Written evidence submitted by World Vision
September 2009
INTRODUCTION
1. World Vision is a Christian relief, development
and advocacy organisation, dedicated to working with children,
families and communities to overcome poverty and injustice. Building
on our previous submissions to the Committee on HIV and AIDS,
we welcome this opportunity to provide evidence relative to children
affected by HIV & AIDS.
Question 1: "the process established
by DFID for monitoring the performance and evaluating the impact
of the Strategy"
2. With the AIDS Strategy in place for just
over a year, DFID has had little time to implement the priority
actions, and so comprehensive evaluation is therefore difficult.
DFID has provided little comment on the impact of the strategy,
and has not published the Baseline position report, which makes
it difficult to comment on the type and detail of data that will
eventually be available.
3. Before the publication of the Monitoring
and Evaluation Framework (M&E Framework) for the AIDS Strategy
there were high expectations that it would provide answers to
several important questions about how the strategy would be implemented
and monitored. However, the principal question of exactly what
will be UK Government's contribution towards achieving the Strategies'
goals and how will that be monitored, has yet to be answered.
While the Framework outlines how the collective progress by the
international community will be monitored, it does not attempt
to systematically measure the contribution made by the UK Government.
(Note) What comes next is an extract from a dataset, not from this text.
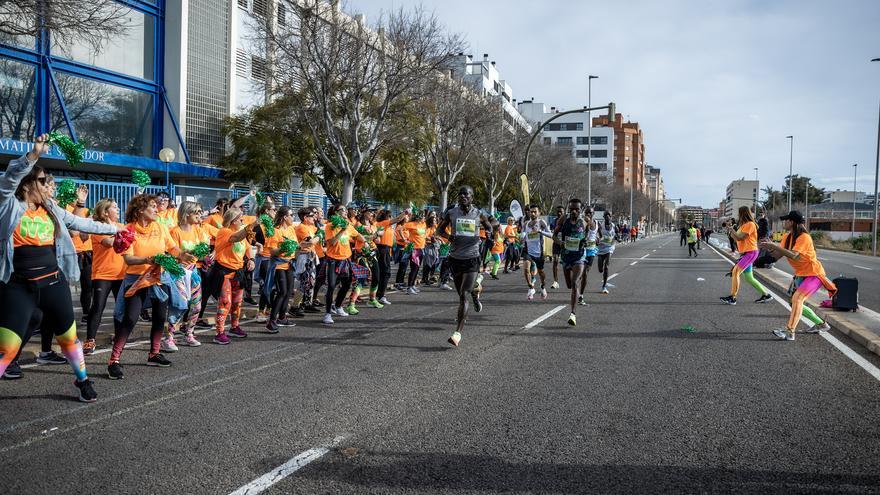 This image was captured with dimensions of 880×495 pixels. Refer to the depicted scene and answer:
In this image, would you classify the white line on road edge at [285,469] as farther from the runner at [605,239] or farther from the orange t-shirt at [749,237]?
the runner at [605,239]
This impedes monitoring of the Government's performance and evaluation
of the impact of the Strategy on UK Government policy.
RECOMMENDATIONS
4. The M&E process must be open, transparent
and fully engaged with civil society. While the involvement of
members of the UK Consortium on AIDS and International Development
in the Indicators Group was very welcome, there were restrictions
on the scope of that involvement. This involvement needs to be
expanded, to include engagement in the independent review of the
Strategy.
5. Detailed data about the projects and
programmes funded by DFID in each country must be accessible,
even if they are not included in the Baseline report itself. These
data will enable partners in country to learn about the specific
work that DFID is supporting, especially related to the priority
actions, and assess the UK Government's contribution towards achieving
international targets.
Question 2: "progress on health systems
strengthening and on an integrated approach to HIV/AIDS funding"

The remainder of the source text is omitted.